Federal Court Decisions

Decision Information

Decision Content

Date: 20231108


Docket: T-1662-21

Citation: 2023 FC 1493

[ENGLISH TRANSLATION]

Ottawa, Ontario, November 8, 2023

PRESENT: Associate Chief Justice Gagné

BETWEEN:

ARI BEN MENASHE

Applicant

and

ATTORNEY GENERAL OF CANADA

Respondent

and

ROYAL BANK OF CANADA

Third Party

JUDGMENT AND REASONS

I. Overview

[1] For more than ten years, Ari Ben Menashe has been denied access to basic banking services by the majority of Canadian chartered banks, the latest being the third party, Royal Bank of Canada [RBC].

[2] After unsuccessfully applying to Quebec’s ordinary courts of law of for redress, Mr.
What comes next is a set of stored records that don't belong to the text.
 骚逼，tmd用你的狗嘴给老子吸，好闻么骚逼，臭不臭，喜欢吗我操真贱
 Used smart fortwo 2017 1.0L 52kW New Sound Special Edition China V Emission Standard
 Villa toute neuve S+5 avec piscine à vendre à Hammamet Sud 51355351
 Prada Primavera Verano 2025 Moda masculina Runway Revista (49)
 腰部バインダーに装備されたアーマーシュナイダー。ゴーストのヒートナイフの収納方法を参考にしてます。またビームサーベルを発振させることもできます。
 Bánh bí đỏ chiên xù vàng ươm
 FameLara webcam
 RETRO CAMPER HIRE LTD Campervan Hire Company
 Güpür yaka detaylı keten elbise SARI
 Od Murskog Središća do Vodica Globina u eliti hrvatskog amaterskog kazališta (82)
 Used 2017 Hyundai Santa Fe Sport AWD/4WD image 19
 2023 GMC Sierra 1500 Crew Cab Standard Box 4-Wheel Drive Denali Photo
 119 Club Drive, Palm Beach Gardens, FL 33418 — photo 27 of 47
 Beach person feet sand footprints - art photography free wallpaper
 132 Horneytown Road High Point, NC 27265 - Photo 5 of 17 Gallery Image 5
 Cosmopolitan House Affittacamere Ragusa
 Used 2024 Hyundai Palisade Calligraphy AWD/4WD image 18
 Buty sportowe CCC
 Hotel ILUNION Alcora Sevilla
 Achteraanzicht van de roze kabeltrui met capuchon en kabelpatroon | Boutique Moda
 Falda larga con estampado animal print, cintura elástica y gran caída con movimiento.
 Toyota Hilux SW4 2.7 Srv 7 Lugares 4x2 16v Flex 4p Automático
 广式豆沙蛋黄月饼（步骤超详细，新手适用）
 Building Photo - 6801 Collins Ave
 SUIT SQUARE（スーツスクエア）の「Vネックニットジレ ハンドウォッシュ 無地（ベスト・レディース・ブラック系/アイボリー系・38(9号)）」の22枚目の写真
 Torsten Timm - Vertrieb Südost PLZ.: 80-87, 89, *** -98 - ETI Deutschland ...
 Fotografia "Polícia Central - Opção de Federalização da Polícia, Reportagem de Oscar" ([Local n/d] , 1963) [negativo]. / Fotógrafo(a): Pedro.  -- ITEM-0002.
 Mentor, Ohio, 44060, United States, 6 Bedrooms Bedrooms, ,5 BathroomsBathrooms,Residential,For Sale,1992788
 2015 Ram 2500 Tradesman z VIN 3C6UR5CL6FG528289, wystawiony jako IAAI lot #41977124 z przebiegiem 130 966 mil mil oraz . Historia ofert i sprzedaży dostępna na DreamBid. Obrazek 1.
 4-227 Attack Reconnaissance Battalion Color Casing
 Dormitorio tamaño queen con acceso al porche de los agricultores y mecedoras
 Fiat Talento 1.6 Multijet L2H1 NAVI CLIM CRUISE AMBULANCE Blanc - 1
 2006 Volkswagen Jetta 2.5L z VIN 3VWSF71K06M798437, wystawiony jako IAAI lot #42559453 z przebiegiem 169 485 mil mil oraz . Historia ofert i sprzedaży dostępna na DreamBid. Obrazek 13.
Ben Menashe is now asking this Court to order the Financial Consumer Agency of Canada [Agency] to investigate RBC’s actions and apply the appropriate sanctions and orders, in application of sections 627.17(1), 627.18, 627.19, 980 and 989(3) of the Bank Act, SC 1991, c 46, as well as subsections 3(2), 5(1) and 19(1) of the Financial Consumer Agency of Canada Act, SC 2001, c 9 [Agency Act]. He is seeking the issuance of a writ of mandamus against the Agency, pursuant to sections 18 and 44 of the Federal Courts Act, RSC 1985, c. F-7, and is asking the Court to rule on his right to have access to basic banking services, and to order RBC to provide him with such services.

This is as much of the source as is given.